## [Work item]
Search the records for the string "shows" and copy every line where it turns up.

= Beginning of Section =

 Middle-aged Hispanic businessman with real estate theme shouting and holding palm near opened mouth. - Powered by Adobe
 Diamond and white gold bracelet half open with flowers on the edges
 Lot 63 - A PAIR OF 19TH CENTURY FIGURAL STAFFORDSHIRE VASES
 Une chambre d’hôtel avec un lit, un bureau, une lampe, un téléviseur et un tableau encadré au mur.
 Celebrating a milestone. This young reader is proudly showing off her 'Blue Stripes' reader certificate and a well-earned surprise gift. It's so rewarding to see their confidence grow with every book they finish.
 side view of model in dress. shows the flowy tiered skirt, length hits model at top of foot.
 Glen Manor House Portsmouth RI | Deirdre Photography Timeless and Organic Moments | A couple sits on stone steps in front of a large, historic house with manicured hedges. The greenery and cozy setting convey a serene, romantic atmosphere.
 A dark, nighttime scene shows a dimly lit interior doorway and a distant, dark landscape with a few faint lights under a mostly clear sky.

= End of Section =

## [Response to this exercise]
 side view of model in dress. shows the flowy tiered skirt, length hits model at top of foot.
 A dark, nighttime scene shows a dimly lit interior doorway and a distant, dark landscape with a few faint lights under a mostly clear sky.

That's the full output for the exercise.